In Watchtower, the Supreme Court struck down an ordinance prohibiting canvassers from “going in and upon” private residential property to promote any “cause” without first obtaining a permit for the mayor's office. 536 U.S. at 154. Although the Supreme Court recognized “the interests a town may have in some form of regulation, particularly when the solicitation of money is involved,” it ultimately concluded that an ordinance “cover[ing] so much speech raises constitutional concerns.” Id. at 162, 165 (“It is offensive-not only to the values protected by the First Amendment, but to the very notion of a free society-that in the context of everyday public discourse a citizen must first inform the government of her desire to speak to her neighbors and then obtain a permit to do so.”). The Court emphasized that the challenged ordinance “unquestionably applies, not only to religious causes, but to political activity as well.” Id. at 165.
The Permitting Provision likewise captures religious and political speech because of the broad definition of “solicitor.” The Ordinance defines a “solicitor” to include those “[d]istributing a handbill or flyer advertising a service, requesting a contribution of funds or anything of value, advertising services for educational, political, charitable, religious, or other purposes.” ECF No. 41-2 at 5 (emphasis added). The “breadth of speech affected” by the Permitting Provision thus raises similar constitutional concerns as those addressed in Watchtower. Id. at 164. Finally, Defendant has not presented the Court with any evidence as to how the Permitting Provision is narrowly tailored to achieving its stated interests. Accordingly, the Court finds that Plaintiffs have established a likelihood of success with respect to their challenge of the Permitting Provision as a prior restraint.
At the September 5 hearing, Defendant asserted that the City would not consider Plaintiff Terri Hall's solicitation of funds for political candidates as “solicitation” under certain circumstances. However, Plaintiff Hall made plain she wants to solicit funds on behalf of LIA Network, not only political candidates. ECF No. 42-2 at 7. Further, the definition of solicitor plainly encompasses, “requesting a contribution of funds or anything of value.” ECF No. 41-2 at 5. See Speech First, Inc. v. Fenves, 979 F.3d 319, 336-37 (5th Cir. 2020) (holding “disavowals of any future intention to enforce the policies contrary to the First Amendment are compatible with, and simply reinforce, the open-ended language in those policies”).
Plaintiffs next allege that the Permitting Provision provides unfettered discretion to city officials to revoke permits. When ordinances make exercising speech contingent on the will of an official, the ordinance must provide “narrow, objective, and definite standards to guide the licensing authority.” Chiu v. Plano Indep. Sch. Dist., 339 F.3d 273, 280 (5th Cir. 2003). Plaintiffs allege that the Permitting Provision fails this test because it empowers city officials to revoke permits if individuals peddle or solicit “in an unlawful manner or such a manner as to constitute a breach of the peace or to constitute a menace to the health, safety, and general welfare of the public.” ECF No. 41-2 at 10.

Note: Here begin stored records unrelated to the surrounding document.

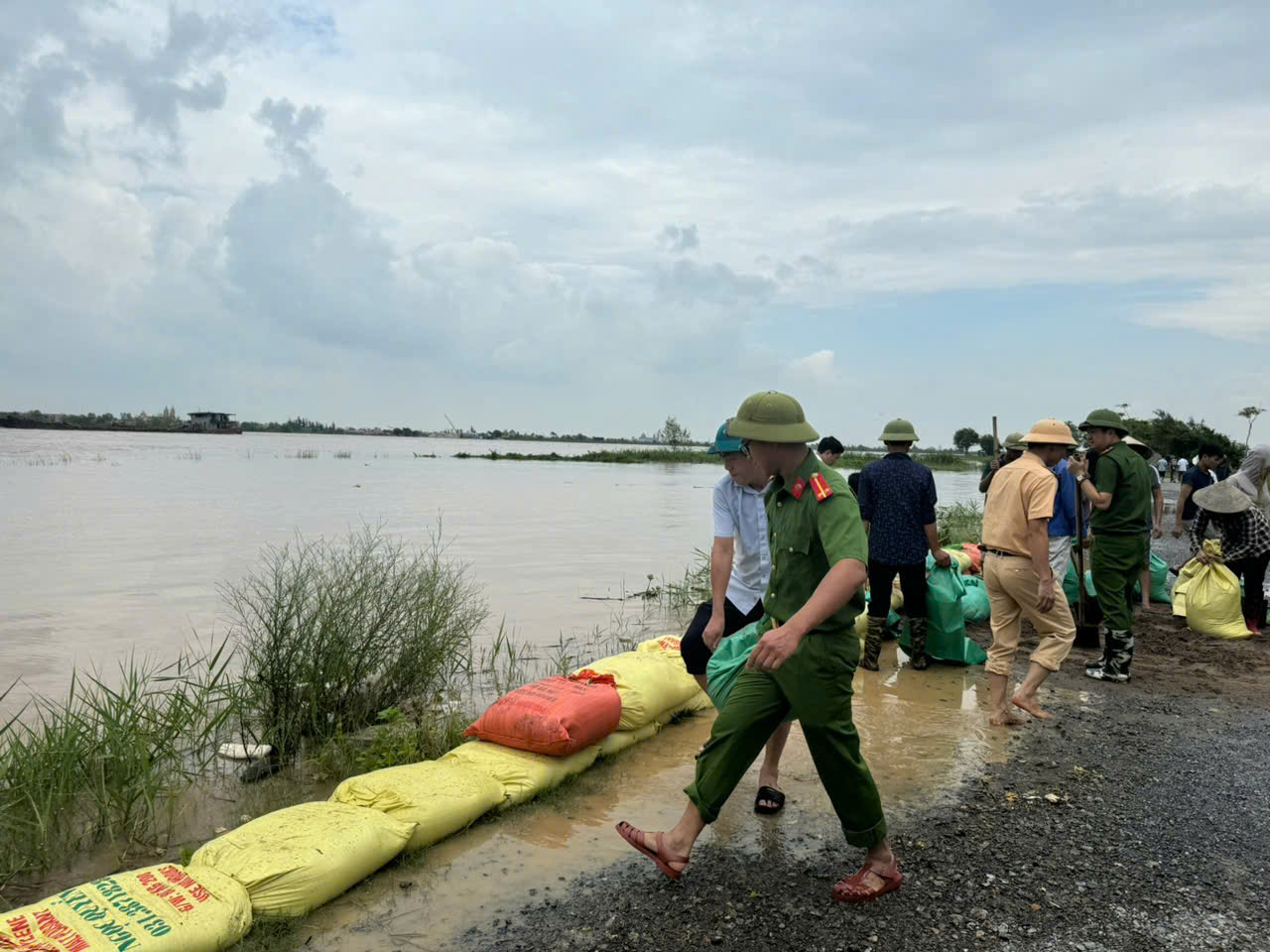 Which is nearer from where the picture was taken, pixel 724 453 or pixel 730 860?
pixel 730 860

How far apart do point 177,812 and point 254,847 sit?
125 centimetres

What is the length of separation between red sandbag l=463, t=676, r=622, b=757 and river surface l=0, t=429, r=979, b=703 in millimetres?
3698

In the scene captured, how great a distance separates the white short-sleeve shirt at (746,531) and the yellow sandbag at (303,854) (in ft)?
5.20

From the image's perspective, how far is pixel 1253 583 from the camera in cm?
721

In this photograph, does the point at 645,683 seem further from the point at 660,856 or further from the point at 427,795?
the point at 660,856

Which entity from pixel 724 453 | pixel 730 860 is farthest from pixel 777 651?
pixel 724 453

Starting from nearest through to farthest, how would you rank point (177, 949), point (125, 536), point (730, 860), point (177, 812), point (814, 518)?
point (177, 949)
point (814, 518)
point (730, 860)
point (177, 812)
point (125, 536)

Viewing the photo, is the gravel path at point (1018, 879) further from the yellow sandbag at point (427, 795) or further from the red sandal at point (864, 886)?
the yellow sandbag at point (427, 795)

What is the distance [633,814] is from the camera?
3.56 metres

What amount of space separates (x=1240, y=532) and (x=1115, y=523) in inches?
88.6

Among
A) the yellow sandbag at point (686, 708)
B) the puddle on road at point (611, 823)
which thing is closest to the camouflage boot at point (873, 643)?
the puddle on road at point (611, 823)

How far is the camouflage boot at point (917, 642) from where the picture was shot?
596 cm

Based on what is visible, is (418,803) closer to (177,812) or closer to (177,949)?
(177,949)

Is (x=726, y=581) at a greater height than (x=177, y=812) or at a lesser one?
greater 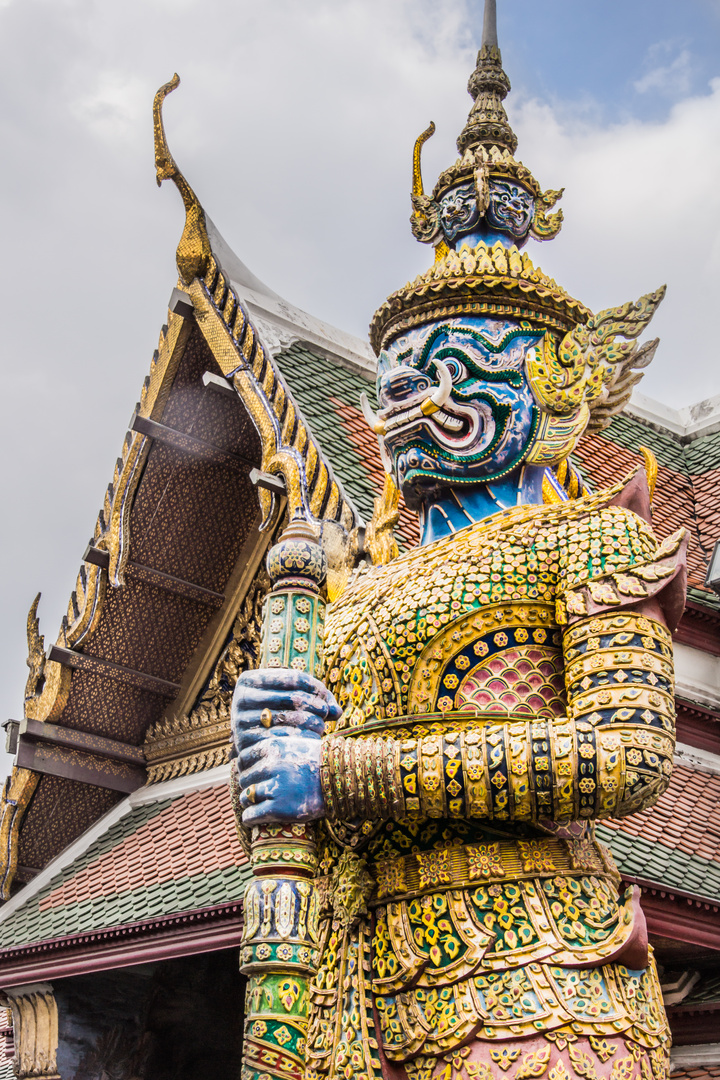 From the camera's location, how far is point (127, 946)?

Yet even if the Court concluded that Plaintiffs demonstrated a substantial likelihood of success in prevailing on this challenge, Plaintiffs could not carry their burden to establish a substantial threat of irreparable injury. The Fifth Circuit has cautioned courts against enjoining a statute based on assumptions of “how [an ordinance] will be applied and determin[ing] its constitutionality in that setting.” Beckerman v. Tupelo, 664 F.2d 502, 515 (5th Cir. 1981). Accordingly, a movant “seeking a preliminary injunction on First Amendment grounds must do more than suggest that an ordinance may violate the Constitution in future hypothetical scenarios. Rather, the movant must make a clear showing that the ordinance, as written, will necessarily cause irreparable harm to the movant if it is not enjoined.” Herridge v. City of Galveston, No. 3:18-CV-00160, 2019 WL 423397, at *4 (S.D. Tex. Feb. 4, 2019).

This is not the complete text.